I almost feel like the opening hour should have built that inner anguish and doubt into Peter that our antagonist ultimately feeds on with the hallucinations late on. This would have given the film some real weight and upped the stakes whilst still delivering light sprinklings of humour along the way. Still, that’s just my two cents but in reality, the film is tonally very much a sequel to Homecoming with plenty of laughs and comic relief all the way through.
Any superhero film following on from the success of End Game was going to have a hard time matching up to the prowess of that film. In a way, Dark Phoenix’s delayed release has been a blessing in disguise for Spider-Man, taking the brunt of abuse for a superhero film going through the motions and delivering a formulaic plot. Whilst Far From Home is far better than the final X-Men film, it’s also a reminder of how perfectly orchestrated and creatively restricted these MCU titles have become.

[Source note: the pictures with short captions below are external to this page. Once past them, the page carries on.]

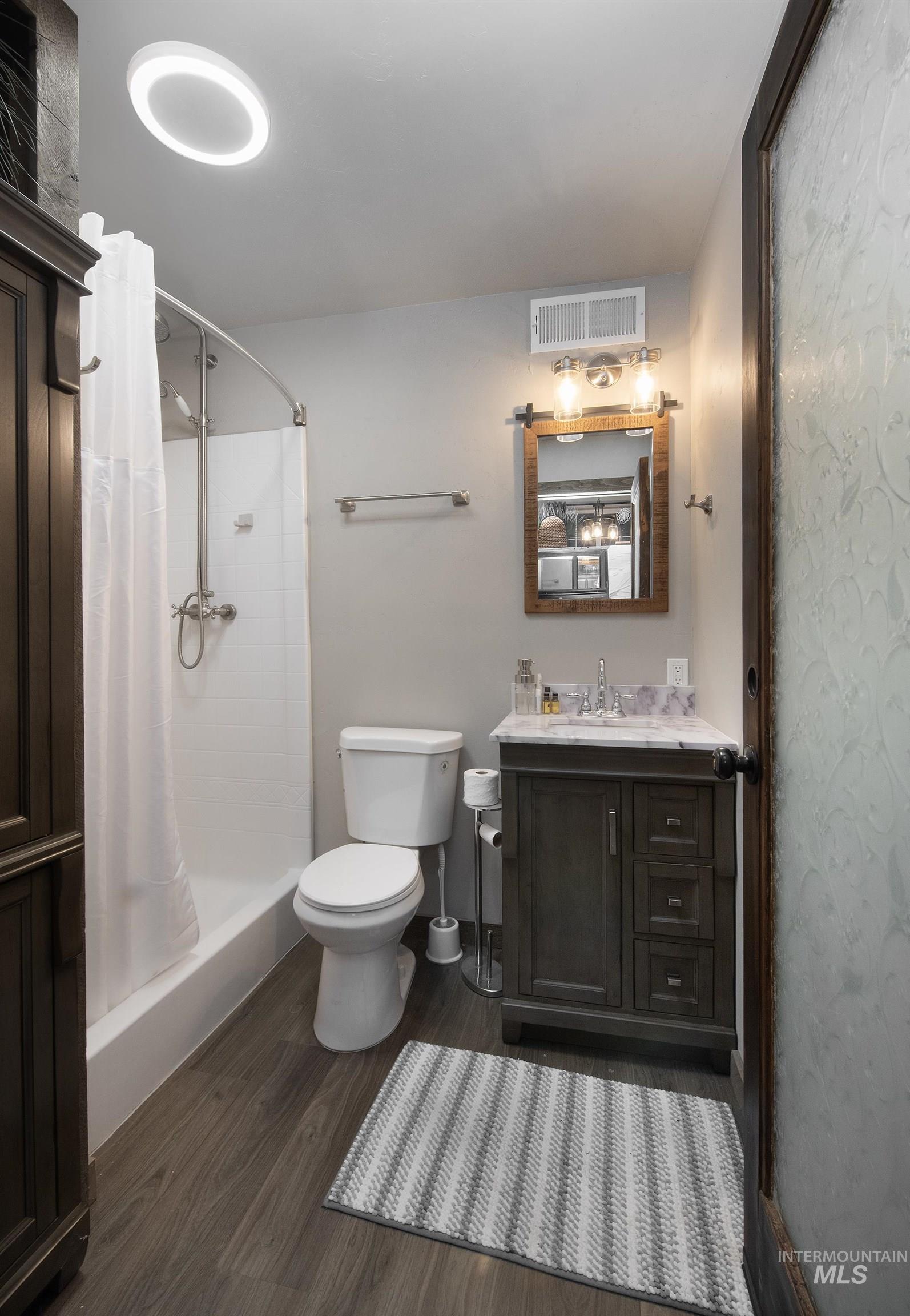 Bathroom with dark wood-style flooring, vanity, and a stall shower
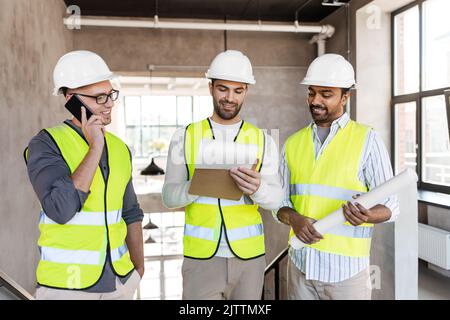 male architects in helmets working at office Stock Photo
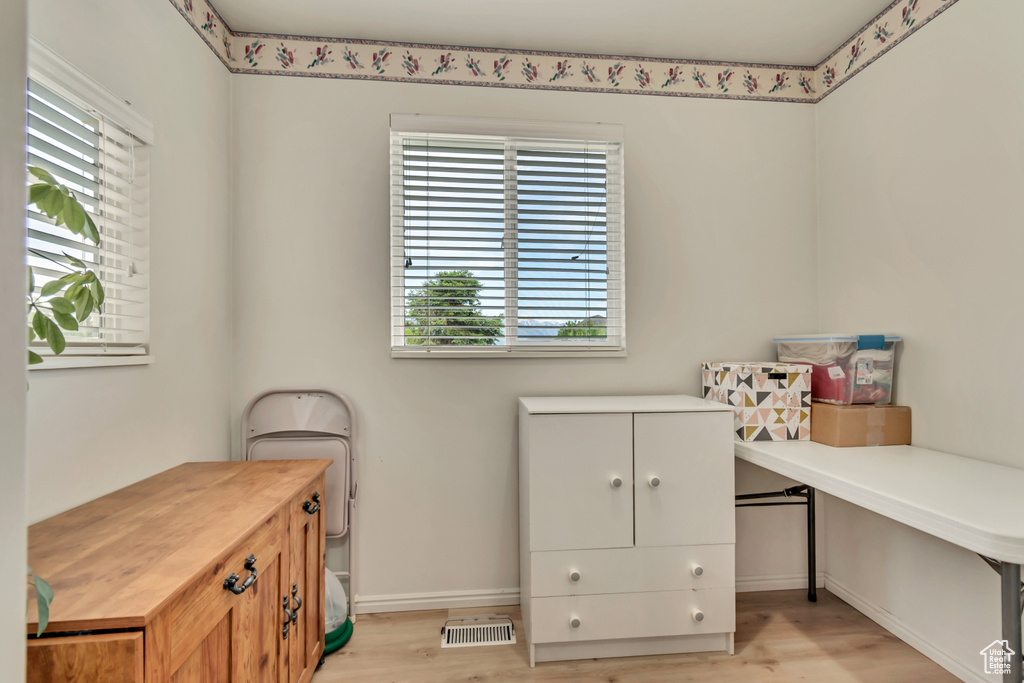 Office space with healthy amount of natural light, light wood finished floors, and baseboards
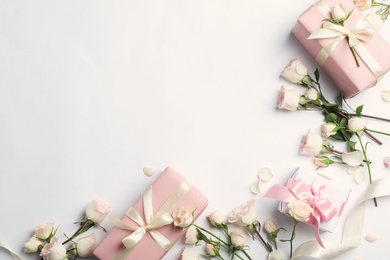 Photo of Flat lay composition with beautiful roses and gift boxes on white background. Space for text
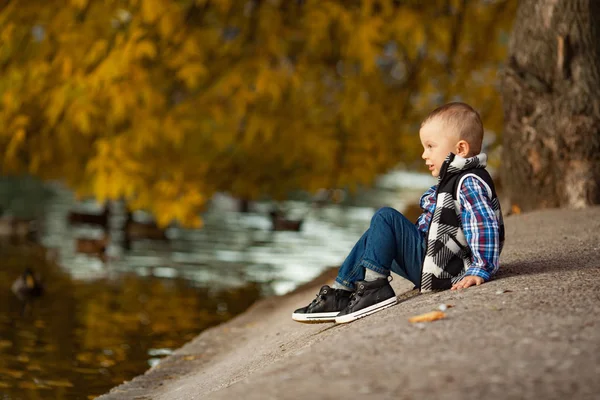 Een Jongetje Zit Een Rots Naast Het Meer Tijdens Een — Stockfoto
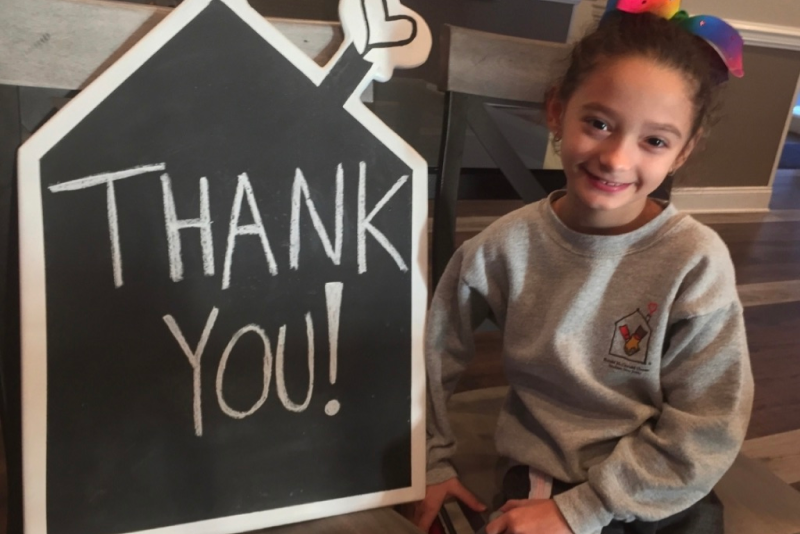 Child sitting next to thank you sign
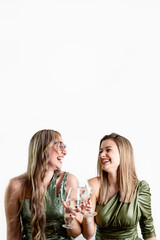 Two beautiful young blonde women in green dresses celebrating the new year, toasting with champagne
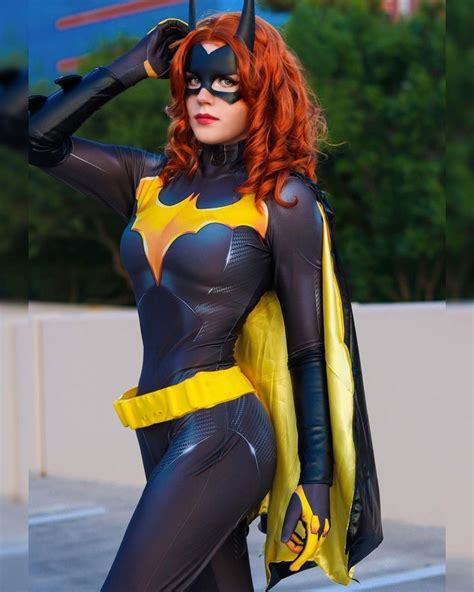 A Woman Dressed As Batgirl Posing For The Camera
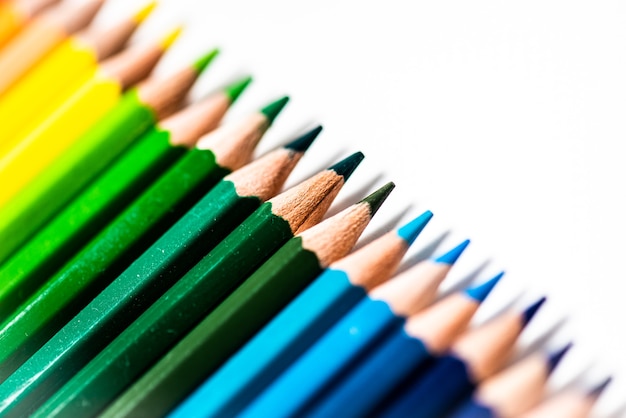 Niektóre różne kolorowe drewniane kredki ołówkowe umieszczone w rzędzie przed białym tle na białym tle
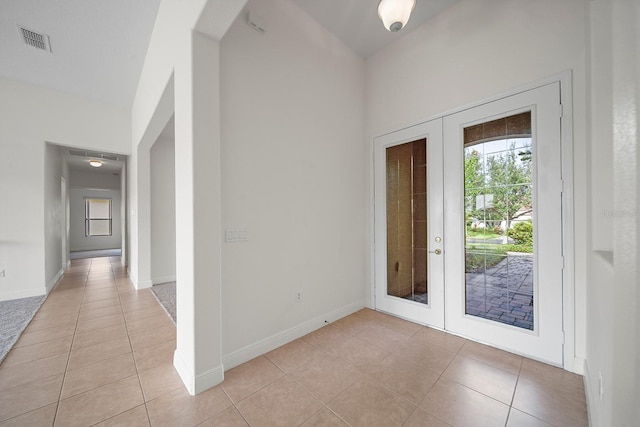 entryway with light tile patterned flooring and french doors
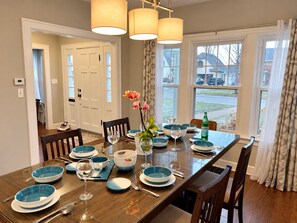 A dining room with a wooden table set for four, blue and white dinnerware, and a vase with flowers.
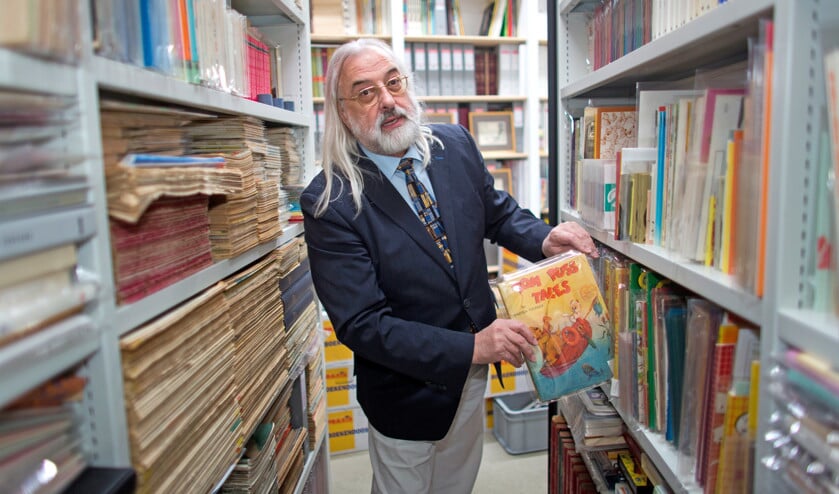 Hans Matla, uitgever, verzamelaar en auteur van de Stripkatalogus tussen 600 strekkende meter boekenplank. (Ton Koene)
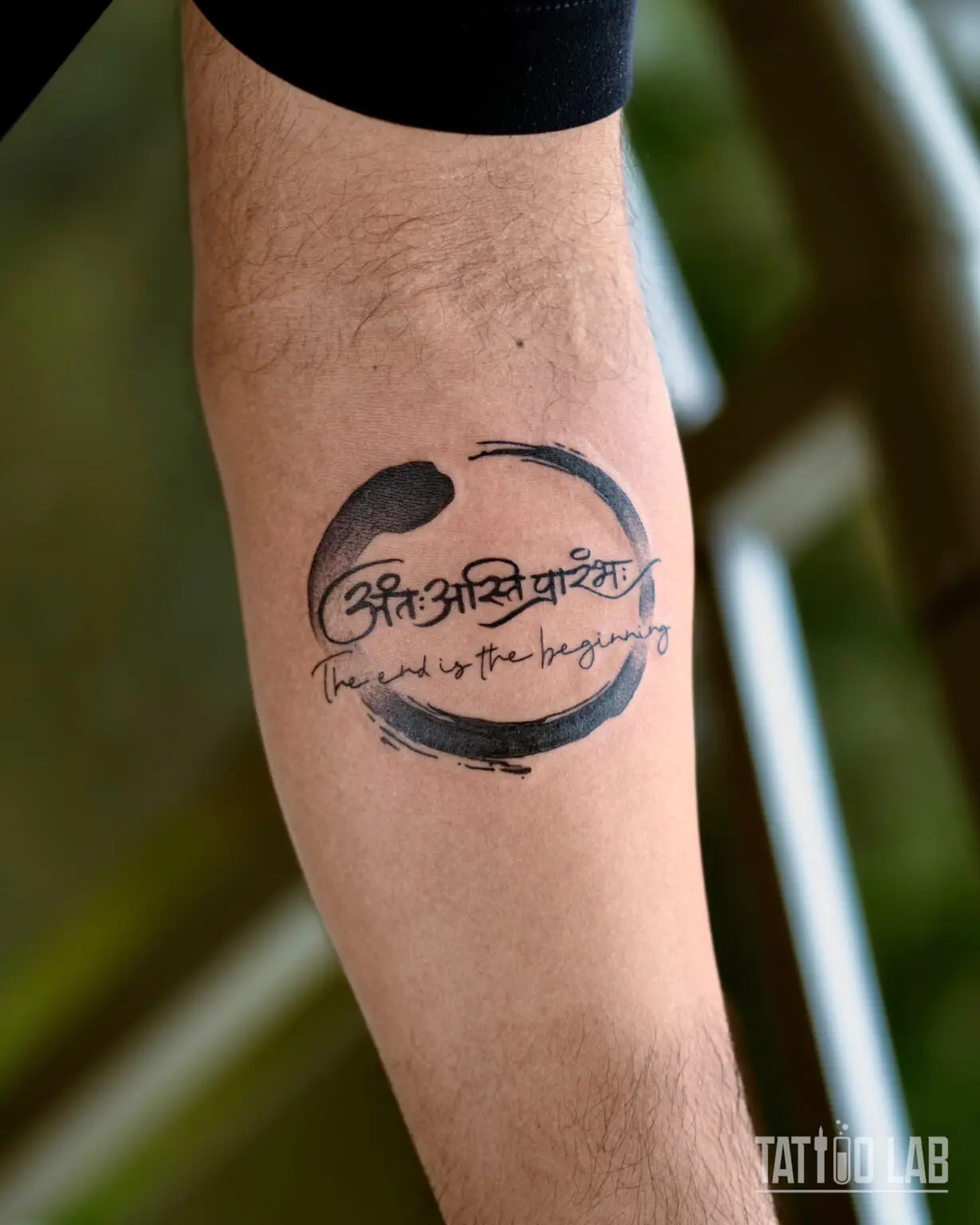 Enso brushstroke circle tattoo on the forearm with Sanskrit script and The end is the beginning lettering, Tattoo Lab, Halifax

Spider-Man: Far From Home is an easy film to recommend. It’s loud, exciting, funny, romantic and ticks all the boxes you’d expect from a Marvel Universe title. It’s also utterly void of anything that breaks conventional norms. It’s a safe choice at the box office and its quality is good enough to make it stand out over the other Spider-Man films but if you’re looking for something different, Far From Home is far from original.